ERROR:root:Failed to retrieve first paragraph: 404, message='Not Found', url=URL('http://api-ro.discovery.wmnet/v1/page/summary/Clandonald')
INFO:root:Opening a new Asyncio session for restgateway.
ERROR:root:Failed to retrieve first paragraph: 404, message='Not Found', url=URL('http://api-ro.discovery.wmnet/v1/page/summary/Clandonald')

Reverted the deployment in order to investigate and fix.

The above issue was caused by the folowing line of code

base_url = urljoin(self.rest_gateway_endpoint, self.wiki_url or mw_host)

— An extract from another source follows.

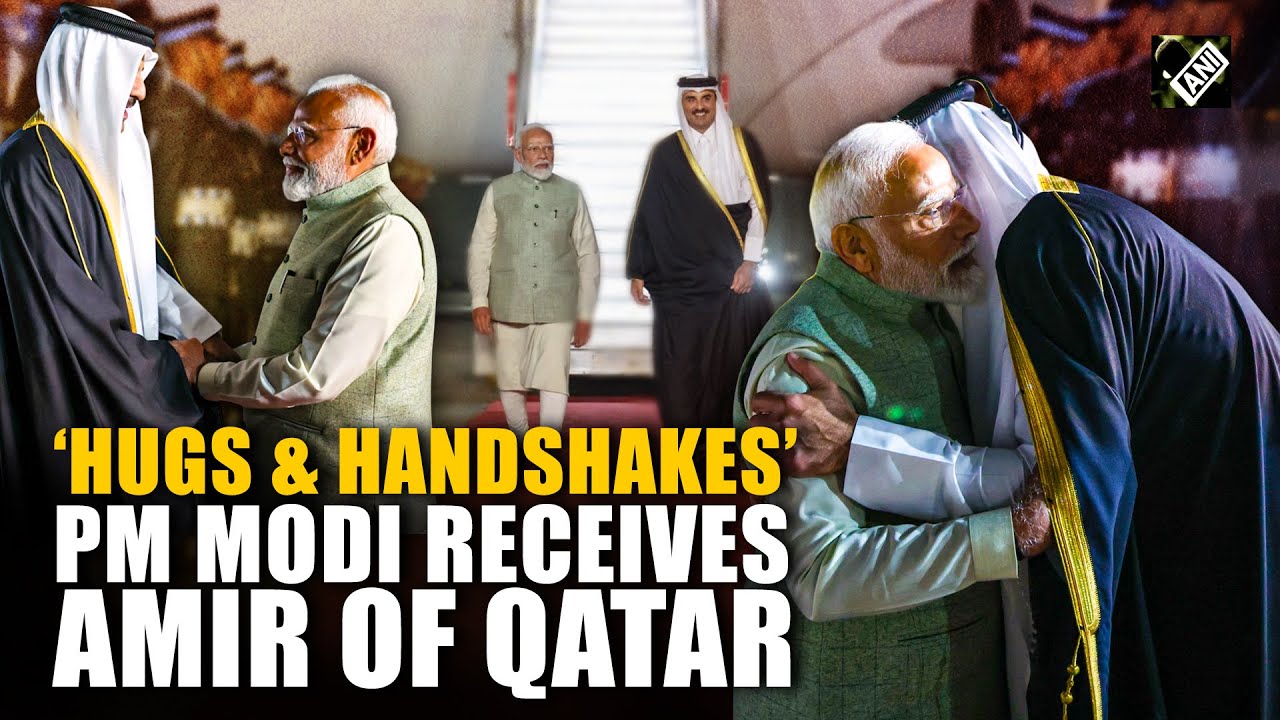 ‘Hugs and Handshake’, PM Modi receives Amir of Qatar in a special gesture at Delhi airport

it tries to create a url from rest_gateway_endpoint and wiki_url, so http://rest-gateway.discovery.wmnet:411 and http://api-ro.discovery.wmnet respectively. The result of urljoin ends up being just the latter cause it expects a base url and a secondary url to perform a jon More info in the docs

However in this line of code we should be merging with mw_host instead and in this case we should prepend the scheme (https://) when we are not using the rest_gateway_endpoint.
I'll be adding a function and a couple of unit tests to the code to make sure it behaves properly for all scenarios.

Change 979369 had a related patch set uploaded (by Ilias Sarantopoulos; author: Ilias Sarantopoulos):

[machinelearning/liftwing/inference-services@main] article-descriptions: add helper function for rest gateway url

https://gerrit.wikimedia.org/r/979369

Change 979369 merged by jenkins-bot:

[machinelearning/liftwing/inference-services@main] article-descriptions: add helper function for rest gateway url

https://gerrit.wikimedia.org/r/979369

Change 980002 had a related patch set uploaded (by Ilias Sarantopoulos; author: Ilias Sarantopoulos):

[operations/deployment-charts@master] ml-services: fix rest gateway endpoint creation in article descriptions

https://gerrit.wikimedia.org/r/980002

Change 980002 merged by jenkins-bot:

[operations/deployment-charts@master] ml-services: fix rest gateway endpoint creation in article descriptions

https://gerrit.wikimedia.org/r/980002

The model can now be ran locally following the instructions in the README.md file.
I added a couple of unit tests that assess that the correct url is created for the REST API requests.
I ran into some issues with virtualenv and tox while trying to add the unit tests to run in the test image so I left it for now.
I suggest we revisit how our whole test images run when we move the repo to Gitlab.

isarantopoulos set Final Story Points to 5.